Dissertations for the History of Education, vol. 49 (2012)

08.03.2015 | 11.12.2021

In memoriam

Leonard Grochowski, Professor Stanisław Mauersberg (1924-2012). My memories of Him as the Man, my  Friend, the  Teacher and a Historian of Education

Ks. Edward Walewander, Stanisław Mauersberg (1924-2012) as I Knew Him



Witold Chmielewski, The Establishment of Branch Offices of the Polish School Administration in Exile

Summary: The evacuation of Polish soldiers and civilians in 1942 from the Soviet Union to the Middle and Near East to Africa, India, Mexico and New Zealand resulted in the need to run many education and care centers, various types of schools, courses and nurseries in these parts of the world. Initially,  the education of children and young people of school age in the individual Polish refugee communities was administered by the Branch of the Ministry of Labour and Social Affairs of the Polish Government in Exile. This issue, however, was quite problematic (especially difficulties of a pedagogic nature) for the above-mentioned institutions. In this situation, in several regions of the world where Polish children and young people resided, the Branches  of the Office of Educational Affairs and Ministry of Religious Denominations and Public Enlightenment were established. The decision was  generally correct but sparked a number of comments about the nature of competence. The main aim of branches was to organize and supervise Polish schools in exile outside the UK. Larger branches employed department managers, school  inspectors, trainers, Polish Scouting and Guiding Association leaders, accountants, secretaries, clerks, janitors, drivers. Sometimes they were compared to education offices of school districts. Some of them set up school inspectorates, branches and local departments. The withdrawal of the recognition of the Polish Government in Exile by the British Government on 5 July 1945, led to the closure of branches. The activities of the branches of the Office of Educational Affairs and the Ministry of Religious Denominations and Public Enlightenment  were very useful. Thanks to their huge amount of work, the Polish education system in exile outside the UK was organized and adapted to the existing needs. The branches made a major contribution to the organization and pedagogic supervision of children and young people education. They contributed to the integration of the teaching profession, created (so important in exile) a sense of stability. The branches  created favourable conditions for the cultivation of patriotism and love for one`s country in their subordinate educational institutions . They consistently took care of the preparation of the Polish children and young people to return to their homeland after the end of the war.

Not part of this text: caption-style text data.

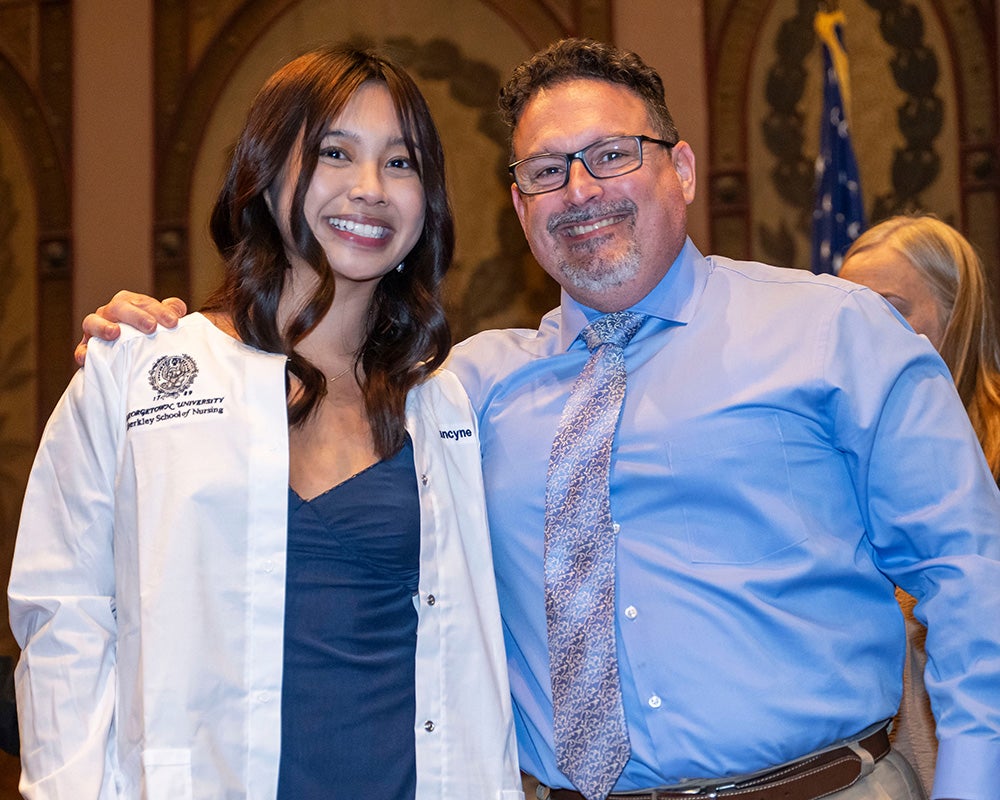 Francyne Diola, wearing her new white coat, stands next to Jeremy Sabatino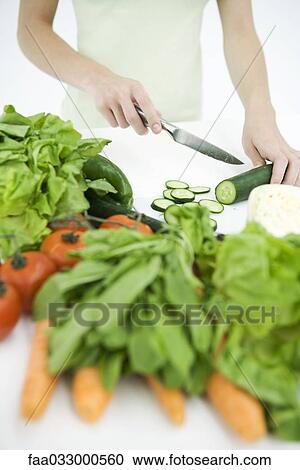 Stock Image - Woman slicing cucumber, assorted vegetables in foreground, cropped view. Fotosearch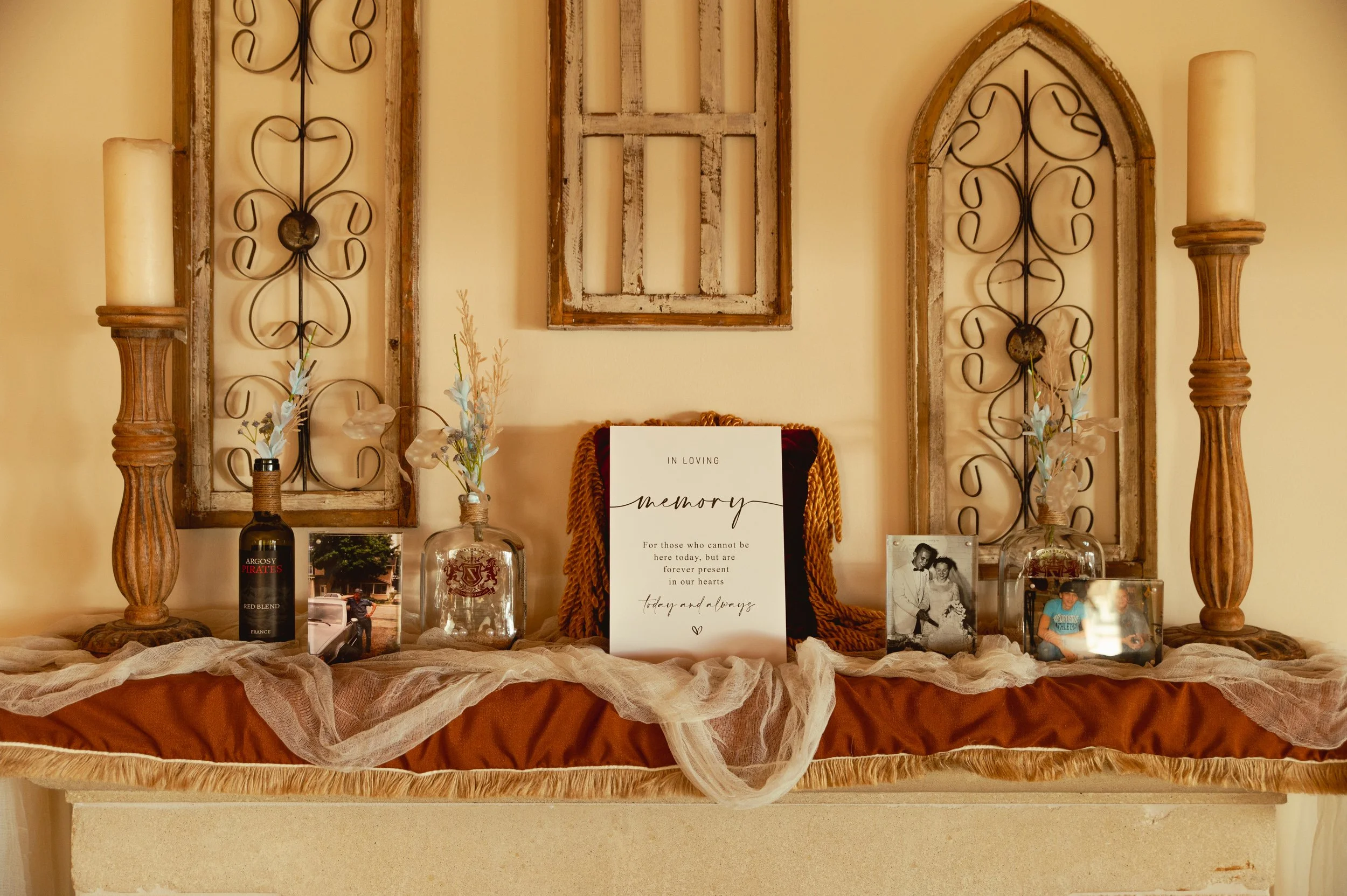 A memorial display on a shelf with candles, photos, a framed quote, and decorative elements, arranged against a warm yellow wall with ornate wall art.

Maria L. Ekiel-Jeżewska, The Schooling System of the Polish Commission of the National Education

Summary: In a successfully developing system, goal, principles and processes are coupled with each other and with a continuous increase of knowledge. Analyzing these relations, Wilson, Barsky and Daviss proposed universal criteria to assess progress of systemic changes. These criteria can be applied to development of a modern technology or science, as well as to education reforms. The goal of this work is to apply these criteria to analyze effectiveness of the schooling system created by the Polish Commission of the National Education (KEN). We have shown how the overarching goal of education – economical and political development of Poland – was consistent with the KEN basic principles: common goals, freedom and autonomy, ownership of accumulated knowledge. We have demonstrated how KEN kept alive six processes inherent to successful system reforms: knowledge accumulation, sustained professional development within a recognized hierarchy of practitioner’s expertise and transmission of this expertise to others, design of complex entities, improvement of quality, diffusion of innovations, and redesign. In this way, we have provided an example how a similar assessment can be performed for modern educational initiatives, programs, systems and reforms, in contrast to common evaluation of individual teachers and students. Following the best Polish educational tradition, we have reminded that, nowadays, we need to rethink what does it mean to learn and teach productively, and what should be the overarching goal of schooling in the society of the XXI century.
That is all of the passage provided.